## REQUIRED ACTION
Among the entries below, one line contains "World Map Glass" and another contains "Doodle Poodle 100%". Transcribe those two lines and every line between them, exactly.

## EXERCISE MATERIALS
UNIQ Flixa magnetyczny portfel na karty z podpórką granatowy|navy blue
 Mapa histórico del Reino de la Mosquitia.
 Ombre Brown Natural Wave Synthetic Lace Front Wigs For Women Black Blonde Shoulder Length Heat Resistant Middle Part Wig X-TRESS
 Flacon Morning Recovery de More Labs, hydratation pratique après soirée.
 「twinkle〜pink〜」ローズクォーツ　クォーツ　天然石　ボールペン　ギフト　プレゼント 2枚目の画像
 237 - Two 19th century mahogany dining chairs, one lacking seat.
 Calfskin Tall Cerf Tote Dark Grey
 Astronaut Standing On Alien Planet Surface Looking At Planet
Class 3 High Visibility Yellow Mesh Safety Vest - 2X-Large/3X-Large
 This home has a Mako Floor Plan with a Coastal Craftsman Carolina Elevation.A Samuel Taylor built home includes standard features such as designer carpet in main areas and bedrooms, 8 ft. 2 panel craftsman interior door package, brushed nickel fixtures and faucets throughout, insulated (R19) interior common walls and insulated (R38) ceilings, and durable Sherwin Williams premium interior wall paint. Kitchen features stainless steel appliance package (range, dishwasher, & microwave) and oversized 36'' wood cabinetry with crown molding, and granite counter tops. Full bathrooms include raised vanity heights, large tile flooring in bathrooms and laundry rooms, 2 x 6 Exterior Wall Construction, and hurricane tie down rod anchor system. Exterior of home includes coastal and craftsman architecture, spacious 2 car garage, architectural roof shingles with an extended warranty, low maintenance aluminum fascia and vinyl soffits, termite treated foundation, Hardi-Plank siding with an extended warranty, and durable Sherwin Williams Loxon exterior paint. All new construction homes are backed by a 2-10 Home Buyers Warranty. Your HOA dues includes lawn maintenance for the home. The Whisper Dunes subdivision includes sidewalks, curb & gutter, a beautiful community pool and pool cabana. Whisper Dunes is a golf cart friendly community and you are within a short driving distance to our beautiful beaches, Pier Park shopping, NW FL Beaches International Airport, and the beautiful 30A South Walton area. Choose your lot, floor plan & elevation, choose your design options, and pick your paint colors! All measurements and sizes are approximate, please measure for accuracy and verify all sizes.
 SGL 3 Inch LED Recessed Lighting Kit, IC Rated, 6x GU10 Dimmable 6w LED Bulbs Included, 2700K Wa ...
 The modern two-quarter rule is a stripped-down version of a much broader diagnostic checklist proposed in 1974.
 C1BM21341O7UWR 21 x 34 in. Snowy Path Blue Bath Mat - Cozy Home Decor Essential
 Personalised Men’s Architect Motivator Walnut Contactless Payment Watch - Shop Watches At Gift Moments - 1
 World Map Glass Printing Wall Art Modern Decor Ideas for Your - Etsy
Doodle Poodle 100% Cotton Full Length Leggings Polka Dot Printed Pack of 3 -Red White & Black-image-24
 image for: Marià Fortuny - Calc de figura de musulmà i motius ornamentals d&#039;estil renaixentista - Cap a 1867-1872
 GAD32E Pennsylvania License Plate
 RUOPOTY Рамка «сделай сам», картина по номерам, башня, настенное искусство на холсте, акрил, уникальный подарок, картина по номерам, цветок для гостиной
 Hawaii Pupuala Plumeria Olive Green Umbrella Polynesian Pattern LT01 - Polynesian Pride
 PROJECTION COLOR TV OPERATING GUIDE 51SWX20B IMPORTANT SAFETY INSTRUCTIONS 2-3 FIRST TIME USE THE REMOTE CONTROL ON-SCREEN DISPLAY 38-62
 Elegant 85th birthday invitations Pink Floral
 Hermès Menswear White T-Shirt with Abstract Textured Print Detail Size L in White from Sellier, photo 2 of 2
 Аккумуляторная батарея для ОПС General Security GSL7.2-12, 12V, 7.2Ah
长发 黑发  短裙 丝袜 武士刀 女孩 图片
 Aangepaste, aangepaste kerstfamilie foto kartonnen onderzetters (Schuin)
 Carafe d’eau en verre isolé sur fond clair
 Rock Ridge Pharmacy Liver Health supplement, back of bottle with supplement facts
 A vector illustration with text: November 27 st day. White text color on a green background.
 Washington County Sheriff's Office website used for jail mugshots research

## ANSWER SPACE
 World Map Glass Printing Wall Art Modern Decor Ideas for Your - Etsy
Doodle Poodle 100% Cotton Full Length Leggings Polka Dot Printed Pack of 3 -Red White & Black-image-24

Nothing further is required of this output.